Irish Family Stories

We invite you to participate in our current project to save and preserve Irish Family Stories. If your family has a great story or two, write them down and send it to us as a word document attachment by email to bridget@joebanjoburke.org. Or, if you are not great at writing, just tell the story on tape or CD and mail it to Banjo Burke Memorial Fund, PO Box 32, Addison, NY 14801. We plan to publish stories of your family’s life in Ireland; the journey to America, or whatever part of the world your family came to; the friends and foes, sorrows and joys they found here; Gaelic sports; Irish Folk Tales; songs and poems. So if you don’t have a good story, just send your favorite song or poem with a few words about why it is a family favorite.

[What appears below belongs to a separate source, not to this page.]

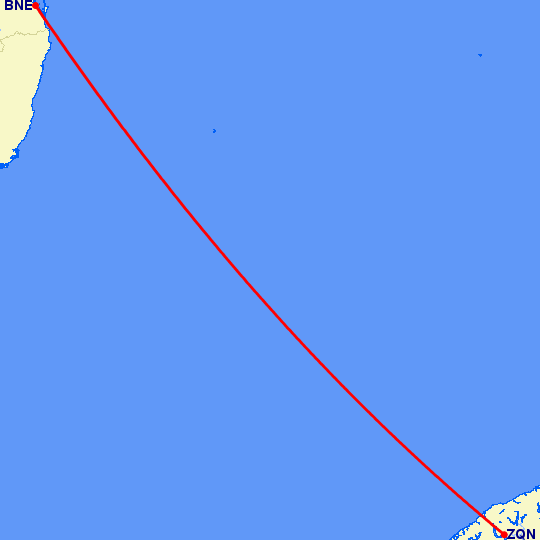 перелет Куинстаун — Брисбен на карте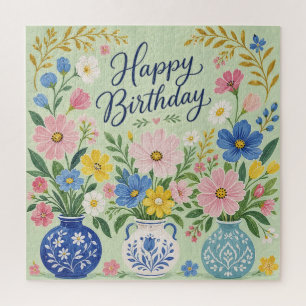 A Trio of Birthday Blooms Jigsaw Puzzle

Our editor will decide which stories to publish. Specify whether you want your stories included in the book for general publication, or you want a private publication for just your relatives. Here's a story about two of my great great aunts, for an example.

A Tale of Two Bridgets

Back in the days of the famine and coffin ships, Bridget Lynch was forced to leave Ireland. Her family was heart-broken and held an American wake with the neighbors all round the night before she left. Weeks went by with no word from Bridget. Then the family was devastated by the discovery of her fiddle washed up on the shore. They were sure she had perished in a shipwreck. When the new baby came, they named her after her sister.

Meanwhile, Bridget’s ship, grossly overloaded with people desperate to escape the famine and accompanying plagues, had indeed sunk in a storm. There was no such thing as a life preserver. There were not enough life boats and not enough time to launch most of the ones they had. Bridget found herself in the water and she could not swim. But she was wearing all the clothes she had, including two large hoop petticoats. On the way to the water, the petticoats filled with air, and kept her bobbing on the surface for some time. Eventually the weight of the sodden clothes was pulling her under, but one of the lifeboats came up to her just in time. There was quite an argument on the overloaded boat as to whether one more could be brought on, but it was finally decided in Bridget’s favor. The life boat was rescued by a ship bound for Canada, so Bridget had to make her way down to southern tier New York to meet up with her brother, Darby.

Twenty years later, the two Bridgets met in New York, two sisters with the same name.